Abriu-se, então, um novo flanco em meados dos anos 1990: o modelo de concessão privada. As intervenções, porém, ficaram restritas a poucos projetos municipais, que geraram muitos problemas políticos e institucionais. A década terminou marcada por uma “privatização em massa”, com as companhias estaduais sendo vendidas para justamente quitar as dívidas junto à União. Apesar do interesse de grandes operadores, o programa não avançou pelas mesmas dificuldades políticas e institucionais. A maioria dos projetos foi inviabilizada.

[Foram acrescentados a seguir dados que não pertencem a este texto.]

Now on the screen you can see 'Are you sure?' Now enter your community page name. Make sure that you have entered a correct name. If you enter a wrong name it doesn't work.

O tempo passou, e o Marco Regulatório de 2007 trouxe uma nova visão para o setor. Fomentou-se a ideia de investir mais na prestação dos serviços, com um horizonte de longo prazo e regulação definida. Infelizmente, essa visão ficou restrita às empresas privadas. Para os operadores públicos, o governo federal ressuscitou o modelo fracassado de fazer obras com retorno político-eleitoral. No Programa de Aceleração do Crescimento (PAC), menos de 20% dos recursos foram utilizados e inúmeras obras sequer foram concluídas. O modelo privado avançou lentamente, pela concorrência direta. Um período da história em que as concessões, chamadas de privatizações, eram tratadas de forma amplamente pejorativa.

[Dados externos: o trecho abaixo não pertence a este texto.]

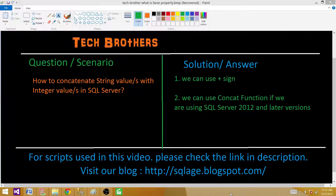Welcome to Tech Brothers with Amit. Today we are going to learn how to concatenate a string value with integer values in SQL Server. There are multiple ways to do that. We can use either the plus sign to concatenate values, which can be used in new and old versions. We also have a CONCAT function available in SQL Server 2012 and 2014 as well.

Chegamos finalmente ao marco de 2020, que consolidou os aprendizados dos últimos 50 anos e definiu novas regras. Manteve-se o planejamento, com reforço na fiscalização. A regulação agregou fatores como competitividade, universalização, segurança e previsibilidade, ganho de escala, sustentabilidade econômica e financeira, qualificação e capacitação. Em paralelo, o governo federal retomou a estruturação de projetos estaduais, dessa vez com o objetivo de levar soluções ao saneamento dos municípios, equacionar os prejuízos financeiros acumulados das companhias estaduais e incentivar a adesão de entes de todas as esferas, a partir das outorgas. 

Foi um sucesso acima da expectativa. Houve enorme interesse privado, muita competitividade, com ágios impressionantes nos primeiros leilões. Ao mesmo tempo, muitos municípios tomaram consciência das suas responsabilidades e começaram a enfrentar os desafios de frente. O ânimo do setor trouxe luz ao fim do túnel. E se continuássemos nesse ritmo, a universalização em 2033 seria uma realidade possível.

O rumo político do Brasil mudou, mas não podemos jogar fora as lições aprendidas neste cinquentenário. Não podemos retroceder diante de discursos populistas, idealistas e totalmente fora da realidade, que voltaram a nos assombrar. Não vamos ceder ao apelo de voltar a um passado comprovadamente obsoleto e desastroso. Nosso papel é enfrentar, com seriedade, os problemas do saneamento. Somente assim conseguiremos garantir esse direito humano, social e ambiental, de forma plena, a toda a população brasileira.